Task ::
From the records below, please print only the lines from the one containing "Urso polar est" through the one containing "Figur 1. Utbredning", both included. Skip the pictures.

Data to examine ::
__________________________________________________

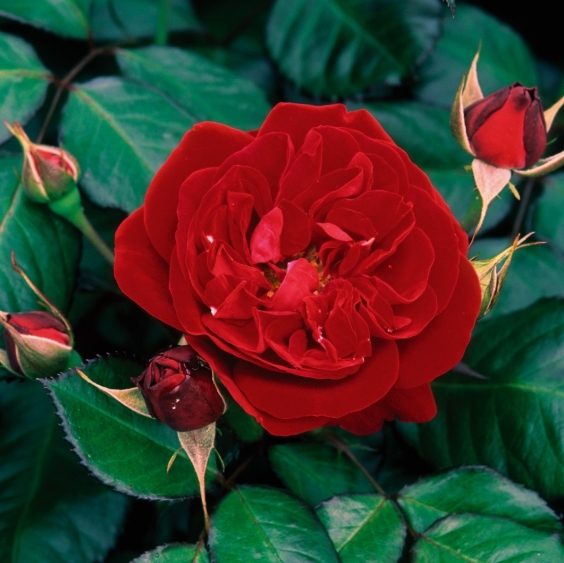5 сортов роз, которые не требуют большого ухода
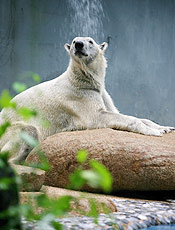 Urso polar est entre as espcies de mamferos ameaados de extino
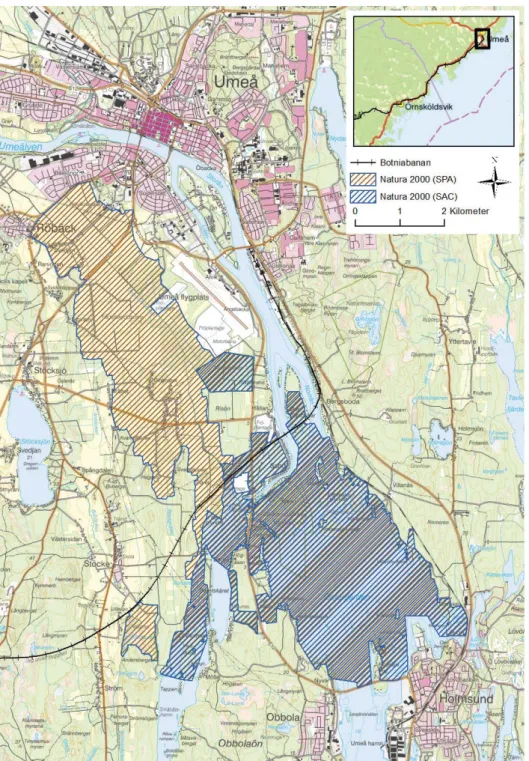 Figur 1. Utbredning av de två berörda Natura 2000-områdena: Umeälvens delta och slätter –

__________________________________________________

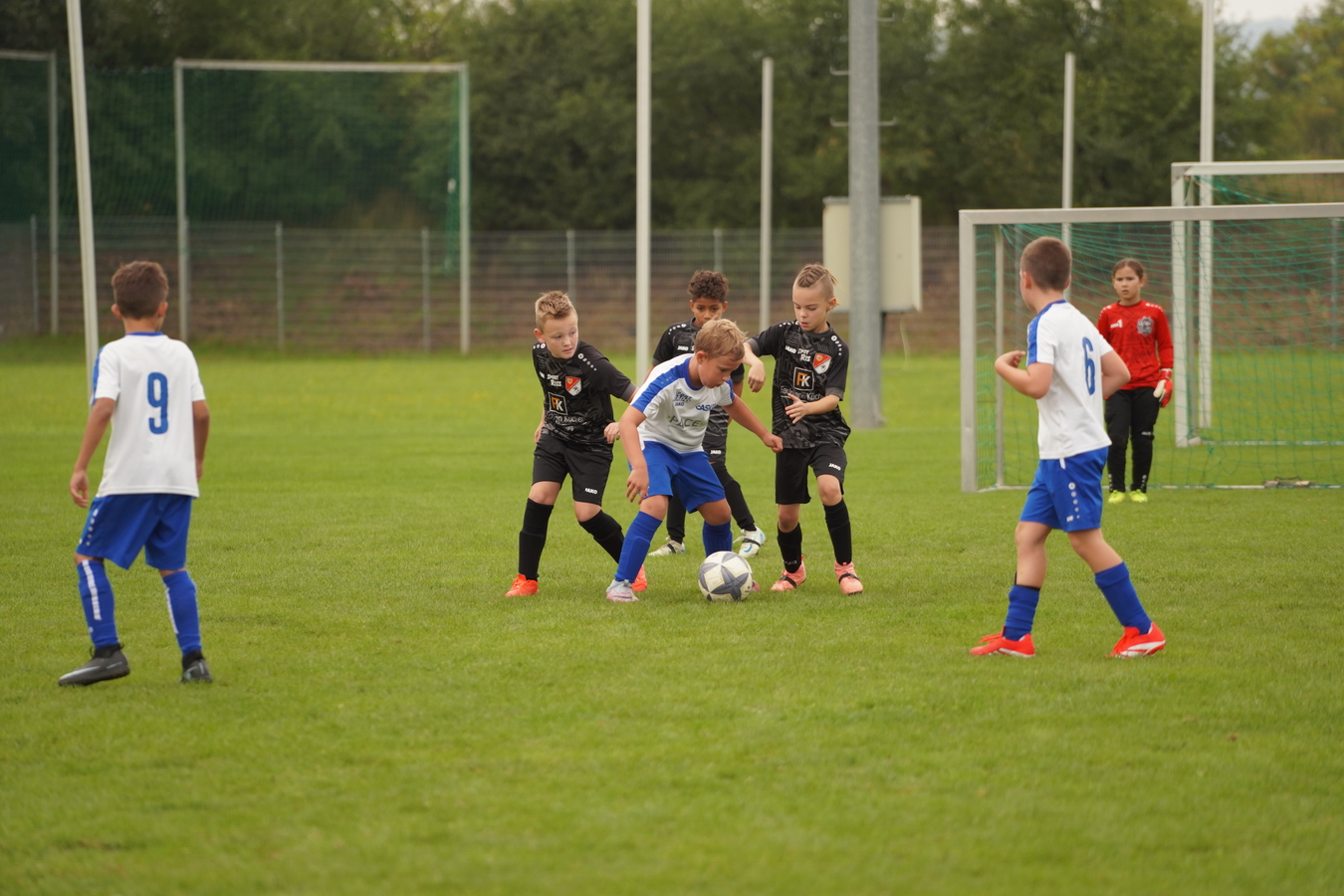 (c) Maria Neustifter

__________________________________________________

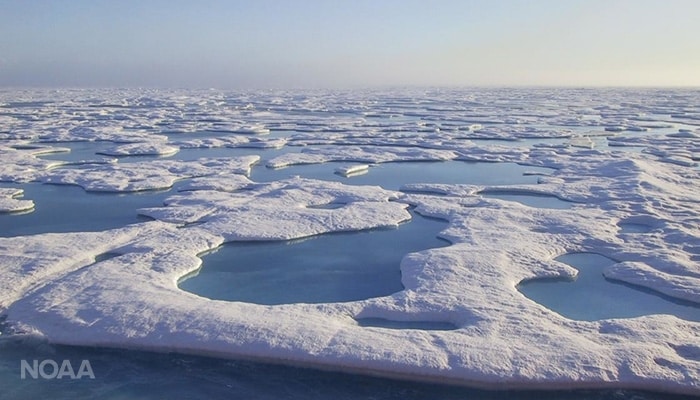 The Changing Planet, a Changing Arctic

__________________________________________________

Response to the task ::
 Urso polar est entre as espcies de mamferos ameaados de extino
 Figur 1. Utbredning av de två berörda Natura 2000-områdena: Umeälvens delta och slätter –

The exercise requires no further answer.